When the grass isn’t growing, the herd has - up until this year - gone dry. During the winter months, processing stopped, and sales were from what remained in storage. When the herd freshened in the spring, the family began making fresh product.
Their aged cheeses - roughly 80 percent of the farm’s cheese production - are made from raw milk, while the fresh cheeses, yogurt, kefir, ice cream and butter are made from pasteurized milk. They bottle whole milk, including chocolate flavored. They use two vat pasteurizers, having a 100-gallon and a 200-gallon model, both of which are fired from wood felled from the woods surrounding their pastures.

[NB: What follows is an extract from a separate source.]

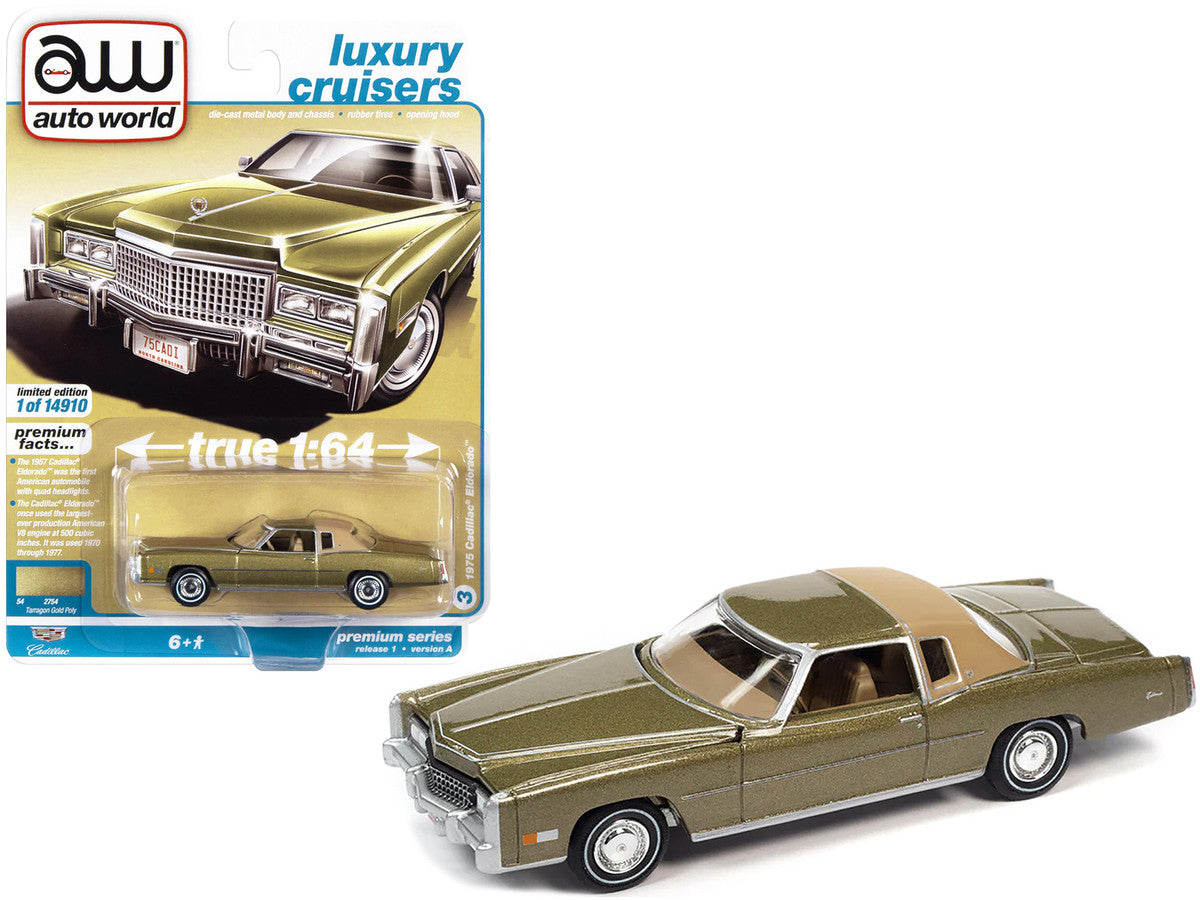 1975 Cadillac Eldorado Tarragon Gold Metallic with Rear Section of Roof Sandalwood Tan "Luxury Cruisers" Limited Edition to 14910 pieces Worldwide 1/64 Diecast Model Car by Auto World-0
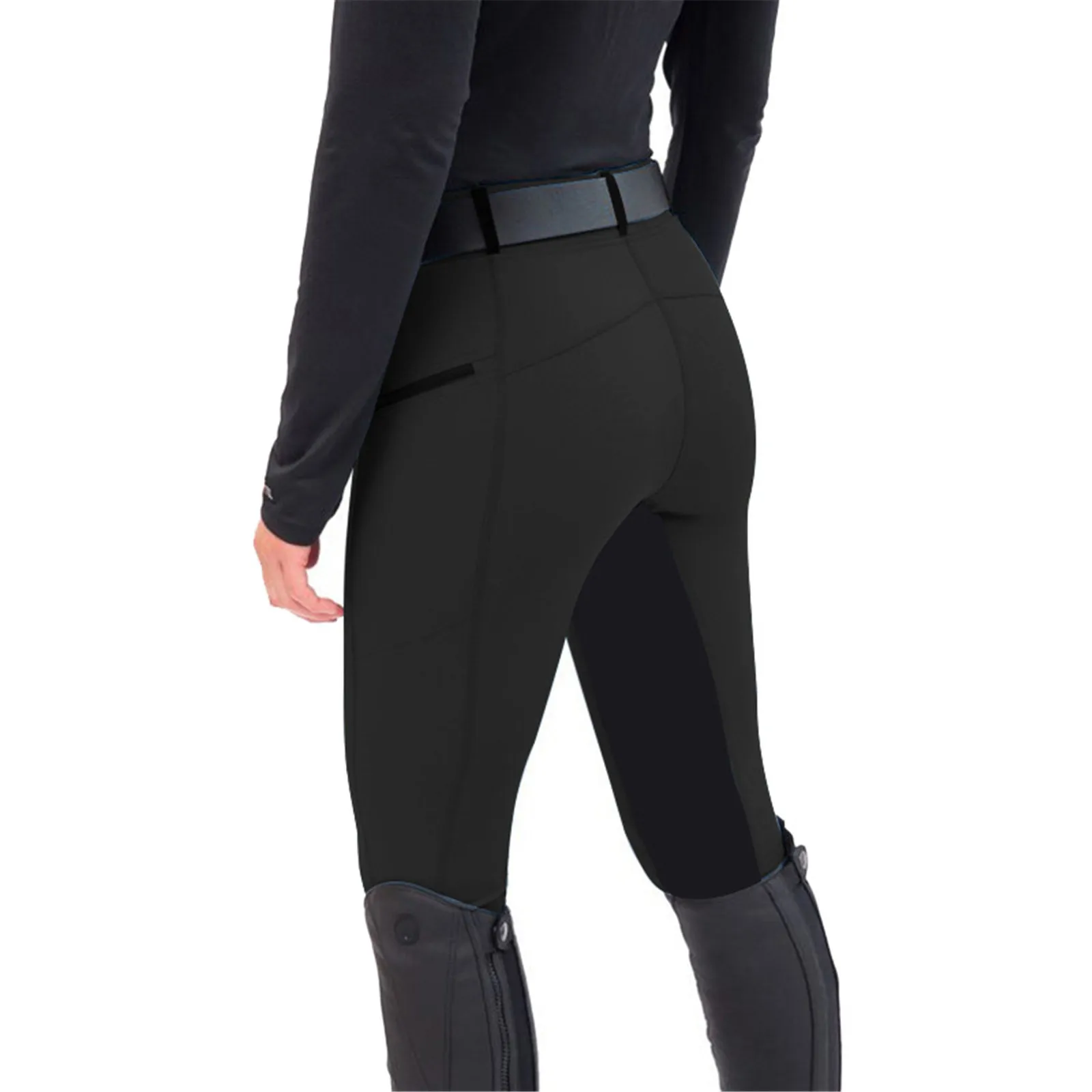 New women's fashionable equestrian pants slim fit solid color elastic splicing riding pants casual small leg pants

It’s all about balancing the milk supply with the demand for their various products.
“Cheese holds for months, so it’s a tool,” for keeping sales going even when milk production is low. But even that has its limits, as “you can only stuff so much cheese in the caves,” Kinley said. So they churn butter, their “flex” product, which allows them to concentrate and store excess milk, as it can be keep in the freezer indefinitely.
The processing and marketing involves two-thirds of the manpower of the entire dairy operation. Milking, feeding and field work - evenly divided - make up the other one-third of the labor needs on the farm.
Since starting with organic, grass-fed beef, the Coulters have learned the most directly from other farmers. Graze magazine was a primary source of much of their grazing knowledge. The Lancaster County Grazers group was another. “We learned a tremendous amount from their conferences,” Kinley said.
The Coulter’s dairy grazing system is a low maintenance one. The family is focused on finding a “way to make it work without a lot of time and money,” Kinley said. “Keep it simple.”